Starting point is 00:11:21 I think that comes out in a week or so. And then, of course, he did a movie with Angelina Jolie this year, too. He did those who wish we did, which I thought was awesome. I have not seen it. And I got to say, Yellowstone, that's like the biggest thing ever on, like bigger than, I don't know, Monday night football or something, right? It's huge, right? Am I wrong about that? Yeah, it's the biggest show on cable right now.
Starting point is 00:11:44 Sam, do you remember when we had those ratings calls for Briar Patch and they were like, this number is pretty good for basic cable in 2020? And I was like, great, great. Yellowstone exponential factor of 10. Really messing up the storyline I wrote for myself. So what's so strange, and I'm sure you guys talked about this already, I don't know anyone who watches the show. Do you? You got to get in touch with America, man. You know what you know this guy right here.
Starting point is 00:12:09 Yeah, I'm in a bubble, I guess. I know no one that watches the show. So before we get into our list, and I know there's always a lot of before and preluding and hemming and hawing, Sam, other than your own personal circumstances changing this year with baby at home, do you think there's any reason why things were good this year? I mean, is it so much that there were a lot of. A lot of planes on the runway the previous year that all took off at the same time because of COVID restrictions and we got better stuff or something in the air or water. Well, we can talk about the way White Lowe this was made, which is obviously totally motivated by the restrictions of COVID and sort of this like first, almost first draft, you know, creative outpouring from Mike White. But I honestly, I don't know the answer because whenever that was, I think it was 2019. where I was sort of bemoaning the landscape of TV,
Starting point is 00:13:03 I felt it was sort of regressing back to the way TV usually was, which is this more procedural, repetitive, formulaic kind of, let's hang out with characters every week but not really care about the serialized storyline. That's still going on, right? Yeah, it's called our podcast. I wasn't going to say anything, but yeah, there you go. I do think that like that's still maybe the more pop.

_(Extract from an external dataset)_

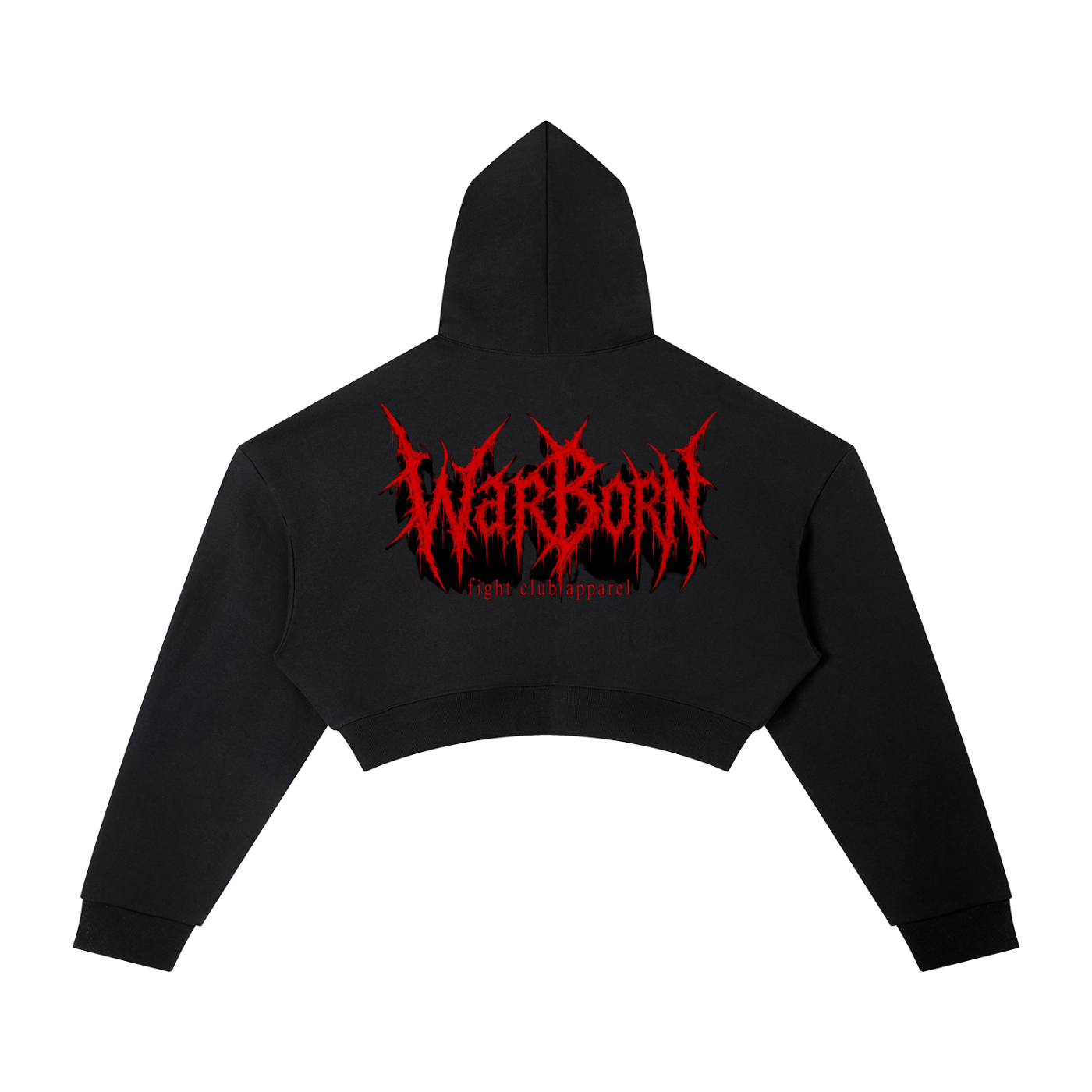 WarBorn Cropped Hoodie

Starting point is 00:13:31 I mean, even Yellowstone, again, I haven't seen Yellowstone. You have to let me know, Chris, if it sort of feels like it harkens back to older shows. But I certainly think that there are a lot of popular. I mean, even like when I look at the Emmy nominees for Best Drama or Comedy, they feel like they still harken back to old school TV. But my list, there are a lot of just, I think, you know what it is? I think there are a lot of new streamers that are just trying to take chances that are just like swinging for the fences
Starting point is 00:14:01 because a lot of my list is coming from some of those newer streamers. So as we get into the list, I have to just confess one thing to you guys, which is I initially had a number one so shocking that I think it would have gotten howls from both of you,
Starting point is 00:14:21 potentially for different reasons. It was deemed ineligible not because I changed my mind, despite saying I have been a coward my whole life moments ago, on a technicality. I realized that the season that I was going to put at number one was technically a 2020 show, and so my last year's list is ridiculous.
Starting point is 00:14:41 But this would have been my number one, and it would have been the boldest thing anyone's done on these podcasts. I thought it was because it was Rachel Maddow on the night of January 6th in her broadcast. You know, I often go back to the Smithsonian to watch MSNBC's coverage of that entire day, just because I like to be in situ. You know, I like to live in that moment again. Plus, you love museums. And I love museums, especially now.
Starting point is 00:15:09 This isn't my number one show of this year because it technically didn't release new episodes this year. But I deeply believe this is the best thing I've watched on TV in the last two years. Chris is never going to believe me, Sam, within... two years you're going to believe me. And the show is called Bluey. Oh. It is an Australian cartoon. This is about a family of dogs.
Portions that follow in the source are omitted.